INFO: this script is being run using rcognita (v0.1.2) located in cloned repository at '/Users/elijah/Documents/edu-2022-safeAI/assignments/asgn-1/rcognita'. If you are willing to use your locally installed rcognita, run this script ('main_3wrobot_NI.ipynb') outside 'rcognita/presets'.
The autoreload extension is already loaded. To reload it, use:
  %reload_ext autoreload


Setting configuration and arguments

In [56]:
dim_state = 3
dim_input = 2
dim_output = dim_state
dim_disturb = 0

dim_R1 = dim_output + dim_input
dim_R2 = dim_R1

args = parser.parse_args(["--is_visualization", "True"])

if not isinstance(args.state_init[0], int):
    for k in range(len(args.state_init)):
        args.state_init[k] = eval( args.state_init[k].replace('pi', str(np.pi)) )

args.state_init = np.array(args.state_init)
args.action_manual = np.array(args.action_manual)

pred_step_size = args.dt * args.pred_step_size_multiplier
model_est_period = args.dt * args.model_est_period_multiplier
critic_period = args.dt * args.critic_period_multiplier

R1 = np.diag(np.array(args.R1_diag))
R2 = np.diag(np.array(args.R2_diag))

assert args.t1 > args.dt > 0.0
assert args.state_init.size == dim_state

globals().update(vars(args))

In [57]:
is_disturb = 0
is_dyn_ctrl = 0

t0 = 0

action_init = 0 * np.ones(dim_input)

# Solver
atol = 1e-5
rtol = 1e-3

# xy-plane
xMin = -10
xMax = 10
yMin = -10
yMax = 10

# Model estimator stores models in a stack and recall the best of model_est_checks
model_est_checks = 0

# Control constraints
v_min = -25
v_max = 25
omega_min = -5
omega_max = 5
ctrl_bnds=np.array([[v_min, v_max], [omega_min, omega_max]])

Defining system, controller and simulator. Dumping parameters

In [58]:
my_sys = systems.Sys3WRobotNI(sys_type="diff_eqn",
                                     dim_state=dim_state,
                                     dim_input=dim_input,
                                     dim_output=dim_output,
                                     dim_disturb=dim_disturb,
                                     pars=[],
                                     ctrl_bnds=ctrl_bnds,
                                     is_dyn_ctrl=is_dyn_ctrl,
                                     is_disturb=is_disturb,
                                     pars_disturb=[])

observation_init = my_sys.out(state_init)

xCoord0 = state_init[0]
yCoord0 = state_init[1]
alpha0 = state_init[2]
alpha_deg_0 = alpha0/2/np.pi

In [59]:
my_ctrl_nominal = controllers.CtrlNominal3WRobotNI(ctrl_gain=0.5, ctrl_bnds=ctrl_bnds, t0=t0, sampling_time=dt)

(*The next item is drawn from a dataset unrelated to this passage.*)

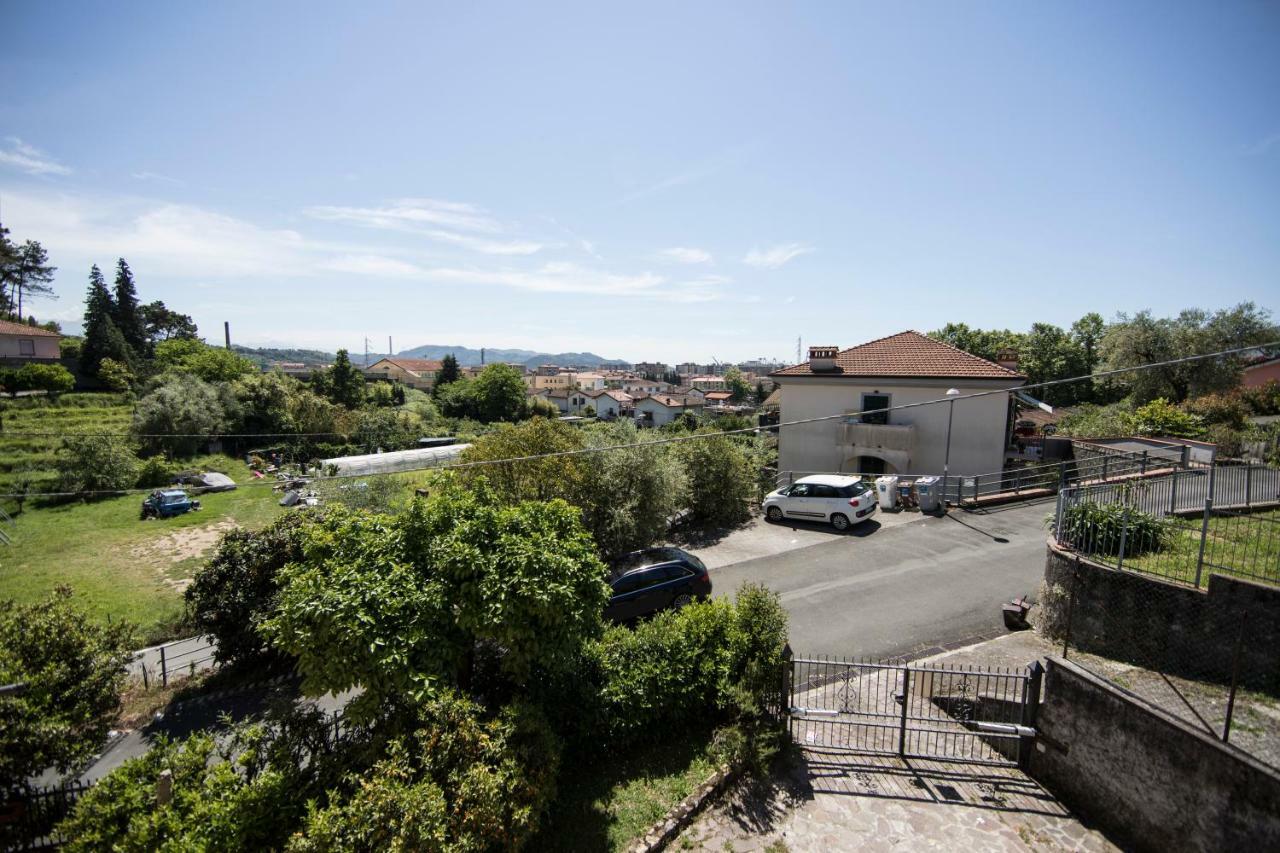 Villa La Casa di Giada La Spezia Esterno foto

# Predictive optimal controller
my_ctrl_opt_pred = controllers.CtrlOptPred(dim_input,
                                           dim_output,
                                           ctrl_mode,
                                           ctrl_bnds = ctrl_bnds,
                                           action_init = [],
                                           t0 = t0,
                                           sampling_time = dt,
                                           Nactor = Nactor,
                                           pred_step_size = pred_step_size,
                                           sys_rhs = my_sys._state_dyn,
                                           sys_out = my_sys.out,
                                           state_sys = state_init,
                                           prob_noise_pow = prob_noise_pow,
                                           is_est_model = is_est_model,
                                           model_est_stage = model_est_stage,
                                           model_est_period = model_est_period,
                                           buffer_size = buffer_size,
                                           model_order = model_order,
                                           model_est_checks = model_est_checks,
                                           gamma = gamma,
                                           Ncritic = Ncritic,
                                           critic_period = critic_period,
                                           critic_struct = critic_struct,
                                           stage_obj_struct = stage_obj_struct,
                                           stage_obj_pars = [R1],
                                           observation_target = [])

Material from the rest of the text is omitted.